Review: 02 Micro's SifoWorks U210 Enters The UTM Space

Which is why O2 Micro's approach to their UTM is unique. They actually manufacture their UTMs, from the semiconductor on up.

The electronics manufacturer made the leap into the security business in 2002 with their division, O2 Security. With a litany of security products like firewalls and VPNs, the vendor has just released their line of SifoWorks UTMs. The Test Center took a look at the U210 model.

What we found was an appliance that does the job of threat management, but is still in the fledgling stage in terms of its interface.

The U210 has all the requisite components of a UTM: anti-virus, intrusion detection/protection, QoS bandwidth management, load balancing, content filtering, anti-spam, traffic analysis and SSL VPN.

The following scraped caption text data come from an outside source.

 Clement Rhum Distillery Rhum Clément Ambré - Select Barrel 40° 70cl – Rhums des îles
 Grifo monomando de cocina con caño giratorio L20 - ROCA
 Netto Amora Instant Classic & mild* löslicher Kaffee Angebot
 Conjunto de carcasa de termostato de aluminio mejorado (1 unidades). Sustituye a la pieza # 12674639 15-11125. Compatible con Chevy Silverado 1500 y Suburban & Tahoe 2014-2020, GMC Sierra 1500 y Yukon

Setup of the device to change its hard-coded information to the test LAN's subnet got off to a rocky start. After the changes were applied, the status indicator took about six minutes to reach halfway to completion, and then the interface froze. There was no indication as to whether the changes took effect or not. Apparently they had, because login was possible on restart with the new IP information.

In a time where management interfaces have gauges and fancy graphs and bells and whistles, the U210's interface looked somewhat lacking. The main configuration pages are mainly in tabular form and the font is, well -- for us over 35-years-old, a bit small and cramped. There was also a noticeable lack of a help guide or user manual within the interface.

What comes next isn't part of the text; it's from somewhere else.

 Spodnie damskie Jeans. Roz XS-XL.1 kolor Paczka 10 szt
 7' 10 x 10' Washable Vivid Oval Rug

There were some issues we had with the device however, that go beyond aesthetics. A lack of confirmation in the interface whenever a change was applied is one of them.

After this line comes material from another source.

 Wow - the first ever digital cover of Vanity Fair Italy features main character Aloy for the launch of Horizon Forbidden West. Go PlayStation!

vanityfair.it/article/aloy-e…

The only way to discern if the change took place is by a status indicator bar at the bottom of the screen, and by the page reloading. Content Filtering can be applied to URLs, scripts, or by file extension. There was no way to do "block" category filtering, for example a way to block gambling or adult sites en masse. When we tested a specific URL site by blocking it, the setting filtered down to connected clients instantaneously, which was nice. However, the clients only got a "Page Not Found" error which looked like a HTTP or DNS error within the browser. The system does not have a way yet to create a customized content filtering message for clients accessing blocked sites.

The mail security and anti-spam features are arguably the most robust components of this UTM. Anti-spam uses Bayesian filtering and the system creates a "training" database that aids in intelligent, learned spam filtering after the system has captured 200 spams. Mail security can check to see if a sender's account is valid and if the IP is on an RBL. Users can import downloaded whitelists to clients and blacklists to the device. The device also can do mail archiving. The virus scan engine gives the option to use Clam (an open source antivirus engine) or Sophos for an additional cost.

There are some advance features with the U210, though. The device can be setup for high availability and to work with a co-defense system by defining a core switch, edge switch or MAC on Switchport. Intrusion detection provides pre-configured traffic anomalies like port scans and ICMP floods. There are a host of pre-defined IDP signatures to detect a range of potential threats from DoS' to IIS attacks, all of which can be configured to pass through the network or dropped like a hot potato, as per an administrator's discretion. Signature action can be logged or sent as an alarm.

There is, notwithstanding the anemic interface, potential with this product.

As mentioned, O2 Micro has their own chip in this device and the product has gone through rigorous bandwidth and throughput checks. The performance of the device seems to be hearty; CPU utilization did not register anytime during testing over 7percent. The vendor places an emphasis on performance, eschewing traditional methods of processing data -- thereby freeing up time and processes without impacting quality of service.

As far as the interface goes, the vendor states that an upgrade is imminent in Q4 and will address many of the very issues Test Center reviewers found. These changes are, in fact, a direct response to customer feedback.

O2 Micro has a partner program, although it is a small one. The vendor favors a program and underscores competency over having a large volume of partners. The program has platinum, gold and silver levels. The MSRP for the U210 is $4,995 and there are no subscription fees for the security modules.